Türkiye genelinde 15 milyon öğrenciye karşılık 600 bin öğretmen görev yapıyor. Kalabalık sınıflarda giderek büyüyen öğretmen açığıyla zorlu bir eğitim-öğretim yılı devam ediyor. Öğrenciler ve veliler kadar sorunlardan muzdarip olan bir kesimi de öğretmenler oluşturuyor. Eğitim işçileri düşük ücret alıyor ve zor koşullarda görev yapıyorlar. Öyle ki bugün eğitim işçileri arasında ek iş yapanlar çoğunlukta.
Konuştuğumuz bir ortaöğretim öğretmeni ise, “sorunların tepeden çözülemeyeceğini, çalışanların görüşlerinin alınmadığını” söyleyerek yaşadıkları sorunlara dikkat çekiyor. Eğitim işçileri olarak “ev kirasına” çalıştıklarını, 9 yıllık öğretmen olmasına rağmen ancak 1000 lira maaş aldığını belirterek yaşanan zorluğu dile getiriyor. Sözlerine şöyle devam ediyor: “Eğitime gerçek çözümler getirilmeli. Hükümetin yeni düzenlemeler yaptık demesine rağmen aslında temelde değişen hiçbir şey olmadı. Bol bol müfredat ve sınıf sistemi değişiyor.” Değişen kitapların formatlarının kötüleştiğini, kitap konularıyla etkinlik çalışmalarının uyuşmadığını ve başarı için uygulamalı derslere ağırlık verilmesi gerektiğini dile getiriyor. Yaşanan diğer bir sorunun da “2 milyon kişinin katıldığı ÖSS’de sadece 200 bin kişinin dört yıllık örgün eğitim veren fakültelere kayıt yaptırma hakkını kazanması” olduğunu belirtiyor ve “devletin artık vatandaşları kandırmaması gerektiğini” söylüyor. “Kazanamayanlar hayal kırıklığı yaşıyor. Onları oyalamadan mesleğe yöneltmeli. Kandırıp yıllar geçince o yaştan sonra çırak da olamıyorlar” diyerek sınav sisteminin çelişkilerini dile getiriyor.
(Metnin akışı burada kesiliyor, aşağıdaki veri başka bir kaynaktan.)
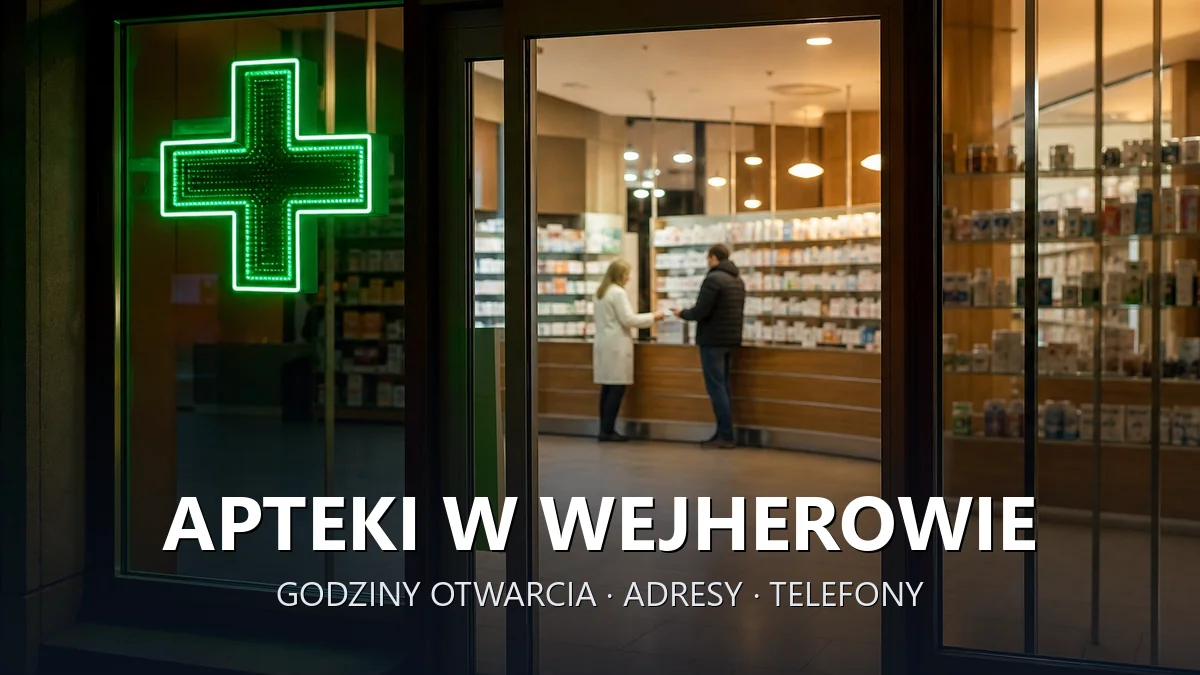 Apteki w Wejherowie - godziny otwarcia i dyżury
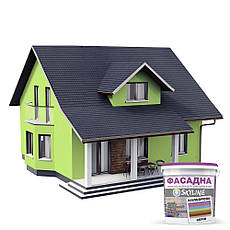 Фарба Акрил-латексна Фасадна Skyline 0540-G60Y Шартрез 10л, фото 4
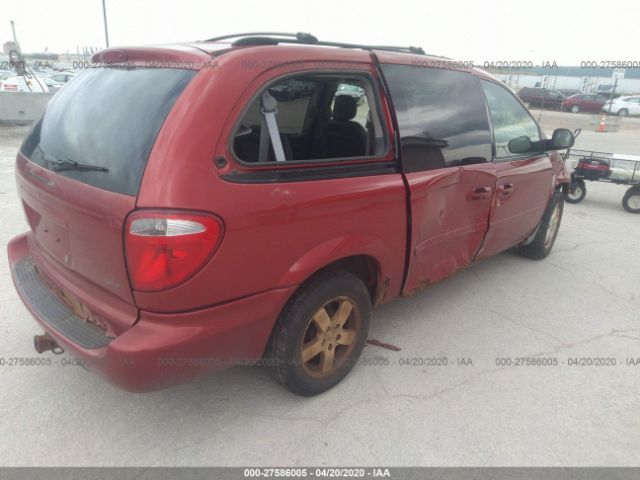 2D4GP44L97R180670 - 2007 DODGE GRAND CARAVAN SXT Red photo 4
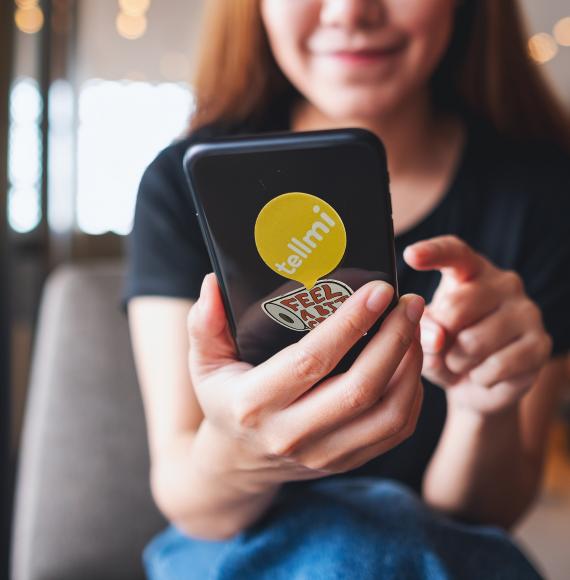 Girl with phone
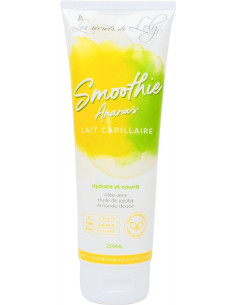Smoothie Ananas – Lait capillaire nourrissant sans rinçage 250ml | Les Secrets de Loly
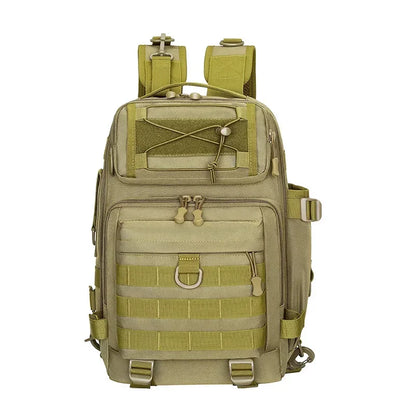 Crossbody Multifunction Fishing Bag Waterproof Tactical Backpack Climbing Outdoor Shoulder Sports Chest Bag for Men Women New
Eğitim emekçileri uzun yıllar uğraş verdikten sonra sendika hakkına sahip oldular. Yaşanan sorunları toplu halde devletle görüşüp çözmek istiyorlardı. Uzun mücadeleler sonucunda 2000 yılında sendika hakları tanındı. 2002 yılında ise “toplu görüşme” adı altında tarafların masa başına oturması ama son sözü hükümetin söylemesiyle işleyen bir uygulama başlatıldı. Fakat eğitim işçilerinin grev ve toplu sözleşme hakkı tanınmadı. Eğitim emekçilerinin sürdürdükleri sendikal mücadelenin ilk hedefi grev ve toplu sözleşme hakkını kazanmak. Çünkü ücret ve çalışma koşullarını iyileştirme mücadelesi ancak o zaman gerçek kazanımlarla sonuçlanabilecek.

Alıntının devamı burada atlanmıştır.